President Biden’s Executive Order on Safe, Secure, and Trustworthy Artificial Intelligence and follow-up OMB Policy statement throws AI at everything. It mentions (take a deep breath) global warming, detecting the use of opioids, healthcare, financial services, education, decreasing drug costs, housing, law, transportation, supporting American workers, deconfliction of air traffic, assuring equal opportunity, curtailing justice discrimination and bias, advancing racial equity, job displacement, labor standards, workplace equity, and health.
AI will “expand [government] agencies’ capacity to regulate, govern, and disburse benefits, and … cut costs and enhance the security of government systems.” Borrowing from the Pledge of Allegiance, Biden’s order says AI can “advance civil rights, civil liberties, equity, and justice for all.”
I’m not an expert in most of these fields, and maybe AI will have impact in many of them. It seems, though, the author of Biden's executive order jotted down every topic that came to mind without any filtering.
This is history repeating itself. In the mid-20th century a Bell Labs genius, Claude Shannon, wrote a landmark paper that ushered in the digital age. Digital technology today is used for transmitting voice, video, and data over the internet, cellular networks and other communication mediums.
If you’ve received a perfect picture of you granddaughter when you have one bar and it’s raining outside, thank Claude Shannon. His work has more impact on our daily lives than Albert Einstein’s.
So remarkable was Shannon’s paper on information theory, that everyone tried to apply it to whatever they were doing. This troubled Shannon.

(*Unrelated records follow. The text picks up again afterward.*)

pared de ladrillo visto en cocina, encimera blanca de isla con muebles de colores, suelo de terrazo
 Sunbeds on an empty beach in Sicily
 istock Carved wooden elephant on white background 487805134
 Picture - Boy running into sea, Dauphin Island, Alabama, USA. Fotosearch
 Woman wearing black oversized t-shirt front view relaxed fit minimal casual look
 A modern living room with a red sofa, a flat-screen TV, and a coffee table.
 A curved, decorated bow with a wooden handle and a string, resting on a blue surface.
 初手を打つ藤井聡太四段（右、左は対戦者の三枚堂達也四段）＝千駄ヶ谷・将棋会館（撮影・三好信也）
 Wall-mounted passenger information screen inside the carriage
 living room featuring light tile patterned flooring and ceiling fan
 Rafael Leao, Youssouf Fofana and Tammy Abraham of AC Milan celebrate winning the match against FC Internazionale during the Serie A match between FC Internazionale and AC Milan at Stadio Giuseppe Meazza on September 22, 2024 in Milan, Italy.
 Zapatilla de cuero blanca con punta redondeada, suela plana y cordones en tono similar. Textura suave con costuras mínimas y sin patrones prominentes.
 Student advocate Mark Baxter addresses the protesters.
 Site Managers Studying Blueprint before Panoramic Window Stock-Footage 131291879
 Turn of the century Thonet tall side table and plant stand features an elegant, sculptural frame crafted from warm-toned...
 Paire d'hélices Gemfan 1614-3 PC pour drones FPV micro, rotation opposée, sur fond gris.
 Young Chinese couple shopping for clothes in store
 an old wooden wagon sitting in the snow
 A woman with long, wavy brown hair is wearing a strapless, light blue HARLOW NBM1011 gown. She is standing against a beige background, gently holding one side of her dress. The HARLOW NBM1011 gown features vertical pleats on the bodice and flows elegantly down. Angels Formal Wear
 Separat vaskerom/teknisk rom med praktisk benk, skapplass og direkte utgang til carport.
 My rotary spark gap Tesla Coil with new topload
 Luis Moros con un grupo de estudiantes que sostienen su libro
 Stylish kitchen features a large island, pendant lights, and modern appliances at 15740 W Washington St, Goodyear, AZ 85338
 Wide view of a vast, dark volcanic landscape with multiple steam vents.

In a paper titled “The Bandwagon” he expressed his concerns that apply today to AI:
“Information theory has, in the last few years, become something of a scientific bandwagon. … [It] has received an extraordinary amount of publicity in the popular as well as the scientific press. … Although this wave of popularity is certainly pleasant and exciting for those of us working in the field, it carries at the same time an element of danger… It will be all too easy for our somewhat artificial prosperity to collapse overnight when it is realized that the use of a few exciting words like information [theory] do not solve all our problems.”
Nowhere is the troubled AI Bandwagon more evident than Biden’s executive order. To paraphrase Shannon, “use of a few exciting words like artificial intelligence and machine learning do not solve all our problems.” Biden’s executive order radiates a contrary view.
AI remains an exciting, often mind-blowing technology, but hyped futuristic depictions of AI in The Terminator and The Matrix are unrealizable science fiction. Unlike humans, AI will never understand what it is doing, be creative or experience qualia. AI is a tool. Like electricity or thermonuclear energy, it can be used for either good or evil.
Many AI evils, though, are not new nor constrained to AI.
Securing systems against hacking is of paramount importance. However, cybersecurity has long been a challenge that demands ongoing vigilance. The back-and-forth volleys between system protectors and hackers continues as an arms race.
An unexpected AI outcome can be dangerous. Early large language models (LLMs) slandered the innocent and offered vile advice to the young.
A lot of this has been fixed in the LLM ChatGPT. But the number of possible outcomes increases exponentially as system complexity increases linearly. Many LLM outcomes can be unwanted and even harmful.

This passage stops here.